### HOW TO COMPLETE THIS TASK
Starting at the line below with "45-54 year old" and stopping at the line with "Progesterone Receptor Antibody", please print each line exactly, those two included, and skip every picture.

### THE RECORDS
··········
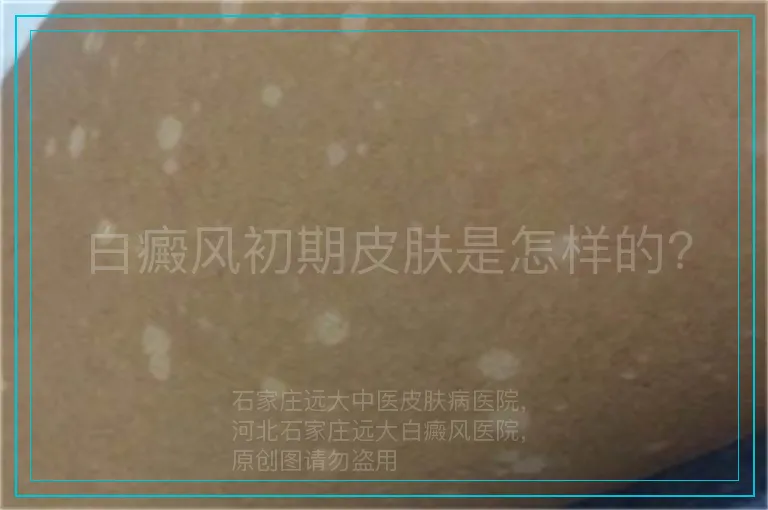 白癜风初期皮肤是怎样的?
··········
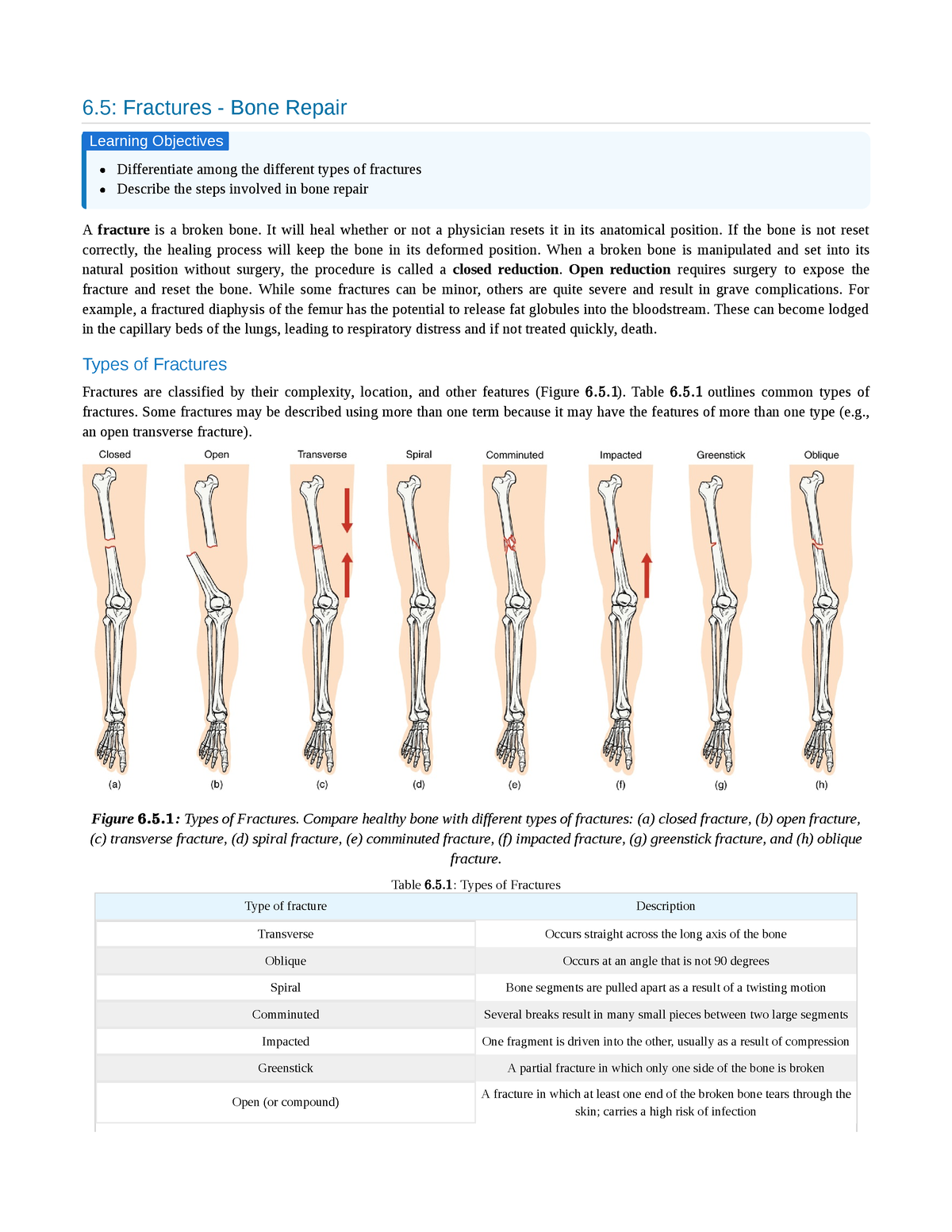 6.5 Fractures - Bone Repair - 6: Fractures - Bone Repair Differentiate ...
··········
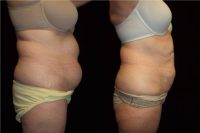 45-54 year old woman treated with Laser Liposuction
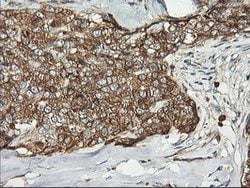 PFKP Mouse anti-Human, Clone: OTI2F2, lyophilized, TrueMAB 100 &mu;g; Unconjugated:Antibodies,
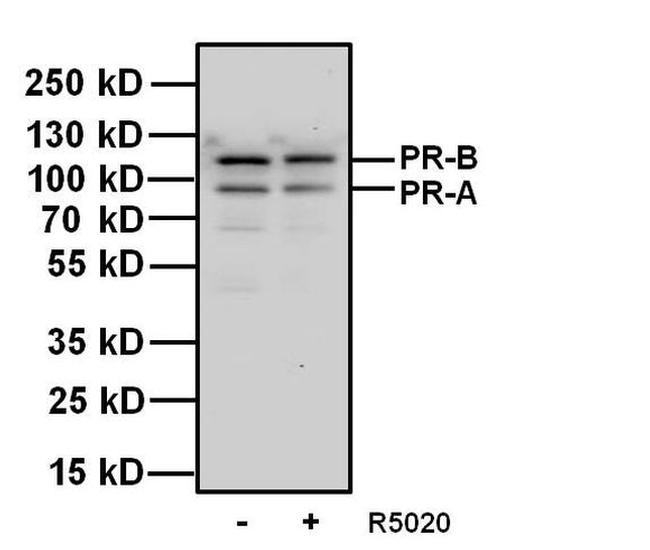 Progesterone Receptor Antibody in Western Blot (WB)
··········
### ANSWER TO THIS PROBLEM
 45-54 year old woman treated with Laser Liposuction
 PFKP Mouse anti-Human, Clone: OTI2F2, lyophilized, TrueMAB 100 &mu;g; Unconjugated:Antibodies,
 Progesterone Receptor Antibody in Western Blot (WB)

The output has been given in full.